Sejak masa kepemimpinan Presiden Joko Widodo tahun 2014, dalam rangka meningkatkan efektivitas capaian kinerja, Kementerian Pendidikan dan Kebudayaan Republik Indonesia (Kemendikbud RI) yang sebelumnya menangani pendidikan usia dini hingga pendidikan tinggi mengalami reformasi organisasi. Pendidikan tinggi kemudian dikelola di bawah Kementerian Riset Teknologi dan Pendidikan Tinggi (Kemenristek Dikti). Sedangkan pendidikan dan kebudayaan usia dini, dasar dan menengah menjadi fokus yang dikelola oleh Kemendikbud. Reformasi struktural ini memberikan dampak positif bagi SEAMEO RECFON yang mulai saat itu menangani 2 fokus program sekaligus, yaitu Program Gizi untuk Prestasi dan Edukasi Gizi pada Usia Dini.
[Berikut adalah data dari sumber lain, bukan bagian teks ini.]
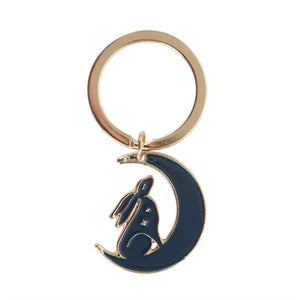 Midnight Hare Metal Keyring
Menjawab mandat ini, salah satu unit di SEAMEO RECFON yaitu “Community Development Unit” dibentuk dan ditugasi menjadi unit yang mewadahi ide/inspirasi dan mengkoordinir kegiatan proyek-proyek gizi berbasis sekolah dan masyarakat. Persatuan Bangsa-Bangsa (PBB) mendefinisikan kegiatan pengembangan masyarakat (community development) sebagai “sebuah proses bersama masyarakat untuk mencari dan melaksanakan solusi terhadap masalah bersama”. Sejak tahun 2015 SEAMEO RECFON telah berinisiatif mendokumentasikan model-model terbaik dari berbagai proyek pengembangan masyarakat yang berbasis sekolah. Upaya dokumentasi ini telah menghasilkan beberapa inisiatif proyek dan penelitian terhadap anak sekolah baik di tingkat SD, SMP dan SMA sejak tahun 2016 yang secara keseluruhan diberi nama “Nutrition Goes to School (NGTS)” atau Gizi untuk Prestasi.

Komitmen kegiatan berbasis sekolah juga ditunjukkan dengan adanya kunjungan kerja serial pada bulan Agustus 2016 ke berbagai Direktorat Jenderal di Kemendikbud RI yang diinisiasi oleh Direktur SEAMEO Secretariat bersama-sama dengan para Direktur dari 6 SEAMEO Centre di Indonesia yaitu SEAMEO BIOTROP, SEAMEO SEAMOLEC, SEAMEO RECFON, SEAMEO QITEP in Language, SEAMEO QITEP in Mathematics, and SEAMEO QITEP in Science. Kunjungan ini juga menjadi arahan penting terkait peran Menteri Pendidikan Indonesia yang menjadi SEAMEO Council President periode 2017-2019. Kunjungan kerja ini menghasilkan sebuah usulan naskah kerjasama dengan Direktorat Jenderal Pendidikan dan Pengembangan Guru dan Tenaga Pendidikan, Direktorat Jenderal Pendidikan Anak Usia Dini dan Pendidikan Masyarakat, Direktorat Jenderal Pendidikan Dasar dan Menengah, dan Direktorat Jenderal Kebudayaan. Naskah ini menjadi dasar rujukan program NGTS-Gizi untuk Prestasi di SEAMEO RECFON.